# YOUR ASSIGNMENT:
All records below are to be set down exactly, each character intact.

§

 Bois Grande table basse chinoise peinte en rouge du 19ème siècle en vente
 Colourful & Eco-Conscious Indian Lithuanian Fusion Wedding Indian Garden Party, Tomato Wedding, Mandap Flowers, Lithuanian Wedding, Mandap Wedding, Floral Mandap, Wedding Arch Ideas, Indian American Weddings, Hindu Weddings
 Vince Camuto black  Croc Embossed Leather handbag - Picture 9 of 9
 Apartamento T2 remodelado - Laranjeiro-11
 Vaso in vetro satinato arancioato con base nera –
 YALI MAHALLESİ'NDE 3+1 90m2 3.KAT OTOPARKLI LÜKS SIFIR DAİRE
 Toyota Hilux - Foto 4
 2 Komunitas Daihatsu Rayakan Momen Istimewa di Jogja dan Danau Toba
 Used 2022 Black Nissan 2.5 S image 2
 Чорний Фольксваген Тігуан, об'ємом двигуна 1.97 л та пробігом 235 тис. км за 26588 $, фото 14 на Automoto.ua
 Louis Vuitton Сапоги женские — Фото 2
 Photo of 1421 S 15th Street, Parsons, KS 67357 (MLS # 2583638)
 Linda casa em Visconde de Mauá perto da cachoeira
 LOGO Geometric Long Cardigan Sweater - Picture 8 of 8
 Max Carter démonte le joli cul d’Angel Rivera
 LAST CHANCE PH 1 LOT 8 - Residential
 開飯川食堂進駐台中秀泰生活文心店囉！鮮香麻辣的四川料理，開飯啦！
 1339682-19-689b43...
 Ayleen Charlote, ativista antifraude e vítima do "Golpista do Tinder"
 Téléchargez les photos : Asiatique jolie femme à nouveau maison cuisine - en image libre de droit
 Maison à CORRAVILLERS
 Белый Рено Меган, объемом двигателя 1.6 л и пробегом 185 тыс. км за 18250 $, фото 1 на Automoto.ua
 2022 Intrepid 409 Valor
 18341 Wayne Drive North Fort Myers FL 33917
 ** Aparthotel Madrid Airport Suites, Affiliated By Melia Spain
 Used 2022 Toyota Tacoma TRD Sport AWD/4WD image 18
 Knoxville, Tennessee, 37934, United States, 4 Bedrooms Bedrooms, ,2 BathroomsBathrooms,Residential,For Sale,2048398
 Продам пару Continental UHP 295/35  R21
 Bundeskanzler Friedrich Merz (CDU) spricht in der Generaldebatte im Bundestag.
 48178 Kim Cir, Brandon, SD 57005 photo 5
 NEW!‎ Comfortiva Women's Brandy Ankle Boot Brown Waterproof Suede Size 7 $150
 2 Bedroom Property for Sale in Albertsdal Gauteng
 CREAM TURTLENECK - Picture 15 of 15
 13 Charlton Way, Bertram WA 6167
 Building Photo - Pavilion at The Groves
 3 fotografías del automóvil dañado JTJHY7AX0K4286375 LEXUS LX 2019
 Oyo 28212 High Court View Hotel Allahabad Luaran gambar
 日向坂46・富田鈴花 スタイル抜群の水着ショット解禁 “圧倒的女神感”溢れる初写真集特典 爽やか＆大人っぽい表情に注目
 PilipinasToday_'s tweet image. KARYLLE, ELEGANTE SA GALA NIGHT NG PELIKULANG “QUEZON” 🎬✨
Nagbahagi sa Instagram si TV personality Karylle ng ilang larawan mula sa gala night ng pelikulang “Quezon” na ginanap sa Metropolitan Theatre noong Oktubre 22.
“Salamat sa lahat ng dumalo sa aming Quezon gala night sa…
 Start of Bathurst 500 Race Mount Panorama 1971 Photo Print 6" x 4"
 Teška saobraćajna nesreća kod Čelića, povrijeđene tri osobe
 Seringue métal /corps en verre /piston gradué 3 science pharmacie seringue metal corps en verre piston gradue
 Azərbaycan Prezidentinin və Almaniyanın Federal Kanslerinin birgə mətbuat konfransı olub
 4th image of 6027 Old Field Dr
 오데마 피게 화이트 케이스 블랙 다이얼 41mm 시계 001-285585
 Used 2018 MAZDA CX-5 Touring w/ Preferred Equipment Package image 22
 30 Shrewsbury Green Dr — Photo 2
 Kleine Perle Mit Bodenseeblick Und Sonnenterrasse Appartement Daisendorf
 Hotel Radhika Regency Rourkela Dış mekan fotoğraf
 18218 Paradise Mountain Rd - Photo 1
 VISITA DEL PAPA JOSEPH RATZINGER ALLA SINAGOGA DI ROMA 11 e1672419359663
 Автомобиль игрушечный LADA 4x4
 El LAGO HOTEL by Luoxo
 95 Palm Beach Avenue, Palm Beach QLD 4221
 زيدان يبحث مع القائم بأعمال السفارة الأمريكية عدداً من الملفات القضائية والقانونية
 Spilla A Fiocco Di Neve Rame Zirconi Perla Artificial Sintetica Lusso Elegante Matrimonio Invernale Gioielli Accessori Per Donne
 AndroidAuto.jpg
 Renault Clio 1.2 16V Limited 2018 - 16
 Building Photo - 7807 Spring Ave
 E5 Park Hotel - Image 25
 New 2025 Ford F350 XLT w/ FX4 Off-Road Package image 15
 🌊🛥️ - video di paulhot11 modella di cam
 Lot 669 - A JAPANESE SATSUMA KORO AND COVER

§

# EXERCISE OUTPUT:
 Bois Grande table basse chinoise peinte en rouge du 19ème siècle en vente
 Colourful & Eco-Conscious Indian Lithuanian Fusion Wedding Indian Garden Party, Tomato Wedding, Mandap Flowers, Lithuanian Wedding, Mandap Wedding, Floral Mandap, Wedding Arch Ideas, Indian American Weddings, Hindu Weddings
 Vince Camuto black  Croc Embossed Leather handbag - Picture 9 of 9
 Apartamento T2 remodelado - Laranjeiro-11
 Vaso in vetro satinato arancioato con base nera –
 YALI MAHALLESİ'NDE 3+1 90m2 3.KAT OTOPARKLI LÜKS SIFIR DAİRE
 Toyota Hilux - Foto 4
 2 Komunitas Daihatsu Rayakan Momen Istimewa di Jogja dan Danau Toba
 Used 2022 Black Nissan 2.5 S image 2
 Чорний Фольксваген Тігуан, об'ємом двигуна 1.97 л та пробігом 235 тис. км за 26588 $, фото 14 на Automoto.ua
 Louis Vuitton Сапоги женские — Фото 2
 Photo of 1421 S 15th Street, Parsons, KS 67357 (MLS # 2583638)
 Linda casa em Visconde de Mauá perto da cachoeira
 LOGO Geometric Long Cardigan Sweater - Picture 8 of 8
 Max Carter démonte le joli cul d’Angel Rivera
 LAST CHANCE PH 1 LOT 8 - Residential
 開飯川食堂進駐台中秀泰生活文心店囉！鮮香麻辣的四川料理，開飯啦！
 1339682-19-689b43...
 Ayleen Charlote, ativista antifraude e vítima do "Golpista do Tinder"
 Téléchargez les photos : Asiatique jolie femme à nouveau maison cuisine - en image libre de droit
 Maison à CORRAVILLERS
 Белый Рено Меган, объемом двигателя 1.6 л и пробегом 185 тыс. км за 18250 $, фото 1 на Automoto.ua
 2022 Intrepid 409 Valor
 18341 Wayne Drive North Fort Myers FL 33917
 ** Aparthotel Madrid Airport Suites, Affiliated By Melia Spain
 Used 2022 Toyota Tacoma TRD Sport AWD/4WD image 18
 Knoxville, Tennessee, 37934, United States, 4 Bedrooms Bedrooms, ,2 BathroomsBathrooms,Residential,For Sale,2048398
 Продам пару Continental UHP 295/35  R21
 Bundeskanzler Friedrich Merz (CDU) spricht in der Generaldebatte im Bundestag.
 48178 Kim Cir, Brandon, SD 57005 photo 5
 NEW!‎ Comfortiva Women's Brandy Ankle Boot Brown Waterproof Suede Size 7 $150
 2 Bedroom Property for Sale in Albertsdal Gauteng
 CREAM TURTLENECK - Picture 15 of 15
 13 Charlton Way, Bertram WA 6167
 Building Photo - Pavilion at The Groves
 3 fotografías del automóvil dañado JTJHY7AX0K4286375 LEXUS LX 2019
 Oyo 28212 High Court View Hotel Allahabad Luaran gambar
 日向坂46・富田鈴花 スタイル抜群の水着ショット解禁 “圧倒的女神感”溢れる初写真集特典 爽やか＆大人っぽい表情に注目
 PilipinasToday_'s tweet image. KARYLLE, ELEGANTE SA GALA NIGHT NG PELIKULANG “QUEZON” 🎬✨
Nagbahagi sa Instagram si TV personality Karylle ng ilang larawan mula sa gala night ng pelikulang “Quezon” na ginanap sa Metropolitan Theatre noong Oktubre 22.
“Salamat sa lahat ng dumalo sa aming Quezon gala night sa…
 Start of Bathurst 500 Race Mount Panorama 1971 Photo Print 6" x 4"
 Teška saobraćajna nesreća kod Čelića, povrijeđene tri osobe
 Seringue métal /corps en verre /piston gradué 3 science pharmacie seringue metal corps en verre piston gradue
 Azərbaycan Prezidentinin və Almaniyanın Federal Kanslerinin birgə mətbuat konfransı olub
 4th image of 6027 Old Field Dr
 오데마 피게 화이트 케이스 블랙 다이얼 41mm 시계 001-285585
 Used 2018 MAZDA CX-5 Touring w/ Preferred Equipment Package image 22
 30 Shrewsbury Green Dr — Photo 2
 Kleine Perle Mit Bodenseeblick Und Sonnenterrasse Appartement Daisendorf
 Hotel Radhika Regency Rourkela Dış mekan fotoğraf
 18218 Paradise Mountain Rd - Photo 1
 VISITA DEL PAPA JOSEPH RATZINGER ALLA SINAGOGA DI ROMA 11 e1672419359663
 Автомобиль игрушечный LADA 4x4
 El LAGO HOTEL by Luoxo
 95 Palm Beach Avenue, Palm Beach QLD 4221
 زيدان يبحث مع القائم بأعمال السفارة الأمريكية عدداً من الملفات القضائية والقانونية
 Spilla A Fiocco Di Neve Rame Zirconi Perla Artificial Sintetica Lusso Elegante Matrimonio Invernale Gioielli Accessori Per Donne
 AndroidAuto.jpg
 Renault Clio 1.2 16V Limited 2018 - 16
 Building Photo - 7807 Spring Ave
 E5 Park Hotel - Image 25
 New 2025 Ford F350 XLT w/ FX4 Off-Road Package image 15
 🌊🛥️ - video di paulhot11 modella di cam
 Lot 669 - A JAPANESE SATSUMA KORO AND COVER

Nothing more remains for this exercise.